Quella stessa classificazione che cui invece aspiravano quelle “bande spettacolari” – come vennero definite in una relazione della Questura e Prefettura di Milano – che si sarebbero poi evolute nei “paninari”. Sempre abbronzati, vestiti con dissimulata eleganza, avevano un codice di abbigliamento rigido e inconfondibile: giubbino Moncler, camicia a scacchi, cintura El Charro, jeans Levis 501, calzini Burlington e scarpe Timberland.
Indicati dall’ultrasinistra milanese come elementi di destra, sconfessati dal Fronte della Gioventù, i paninari erano in realtà in netta antitesi con le formazioni politiche sia a destra sia a sinistra, facevano di uno stile di vita di accettazione di tutto ciò che rappresentava il nuovo nei consumi la loro principale caratteristica. Per questo motivo la nascita di questa identità può essere fatta risalire da un lato alla crisi dell’attivismo politico e sociale degli anni Settanta, dall’altro a una nuova ripresa dei consumi definibili in stile “americanizzante” di cui il più rappresentativo era certamente il fast food.
Ma gli anni ’80 non sono solo l’epoca dei paninari. Ci sono i ‘Metallari’, riconoscibili per il ‘chiodo’ - giubbotti di pelle nera ornati di borchie metalliche – i jeans chiari e gli anfibi. A Milano si ritrovano nella zona delle colonne di San Lorenzo. Appassionati dell’hard-rock, salutano l’esibizione dei complessi musicali favoriti con le dita della mano a P.38 con un gesto che qui è privo di qualsiasi significato politico.

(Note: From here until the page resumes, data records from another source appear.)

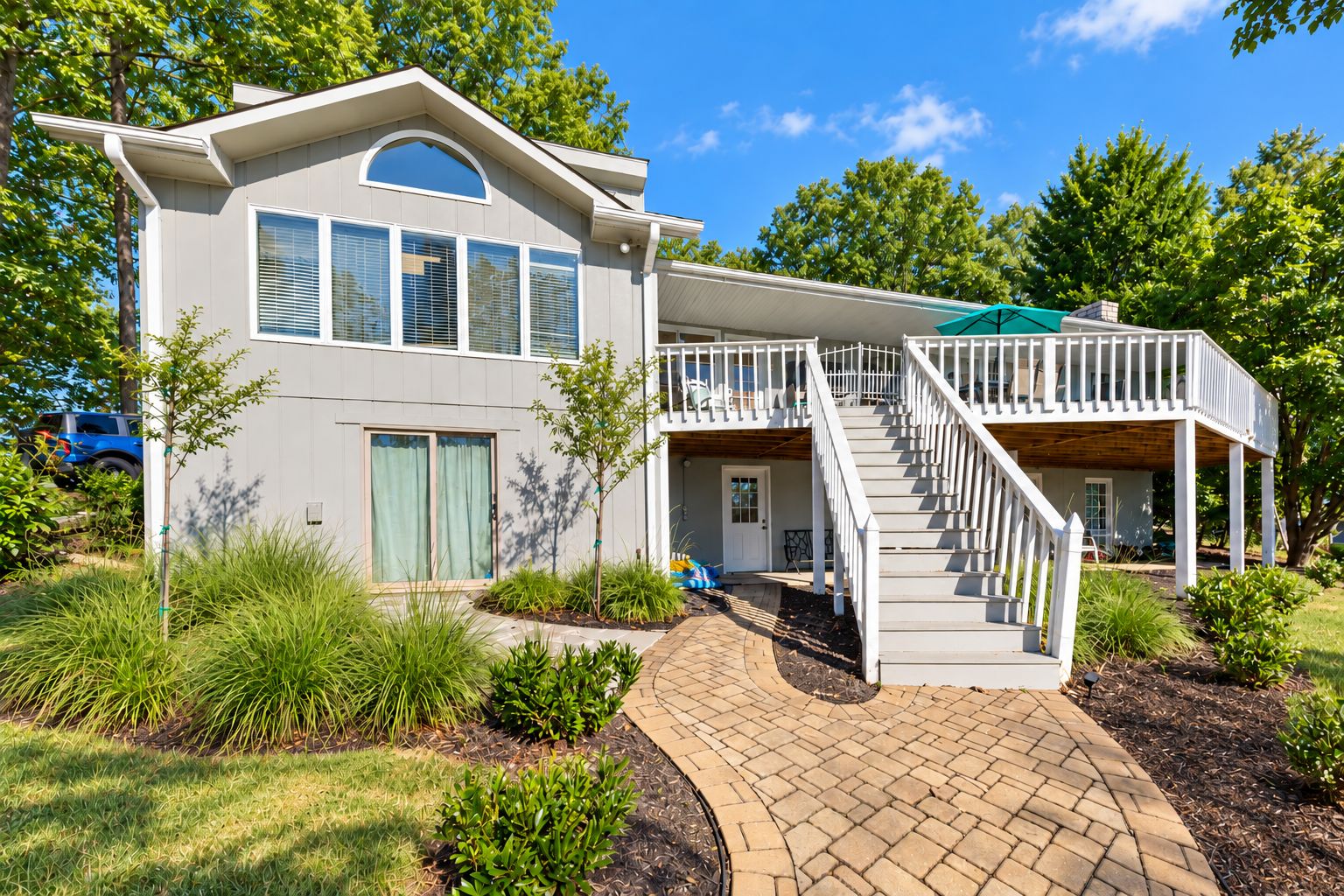 A two-story house with a covered porch and a staircase leading to the upper level.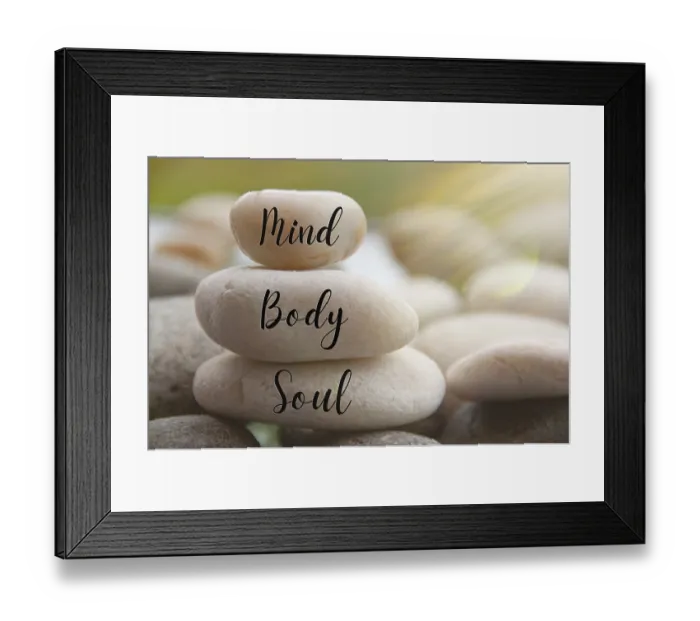 Framed Print : Light shining on zen stones with words Mind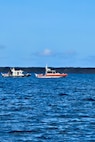 Maritime law enforcement and emergency responders from the Guam Port Authority and Guam Fire Department conduct training in Apra Harbor, Guam, as part of the NASBLA Boat Crew Member Course on March 27, 2025.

Poi ci sono gli ‘Skinhead’ che indossano jeans, calzano anfibi, portano capelli rasati a zero e si ritrovano al limitare dei quartieri di Quarto Oggiaro e Comasina. I Rockabilly indossano giubbotti e jeans e portano capelli alla Elvis Presley. Si ritrovano nella zona di via Torino e piazza Sant’Alessandro. Amano il rock-soft, tradizionale, degli Stati del Sud e adottano come simbolo la bandiera confederata.
I Rockers indossano jeans, stivali e il Kepi dell’esercito nordista o cappelli da cow-boy. Girano su ‘chopper’ (non necessariamente Harley: non tutti possono permettersele).
I Mods indossano vestiti anni ’60 (giacca e cravatta), inforcano occhiali neri e si ritrovano nella discoteca “Odissea 2001” e nella Galleria al Duomo. Quello che resta del punk - pantaloni e giubbotti neri, anfibi e capelli a cresta, colorati – si ritrova nel “centro Virus” di via Correggio: uno stabile occupato già ritrovo di anarchici.
Ma per capire da dove vengono le gang di oggi bisogna forse studiare i Crips e i Blood di Los Angeles: gruppi legati soprattutto a un’etnia, vero frutto del disagio delle periferie e completamente slegati da ogni ideologia.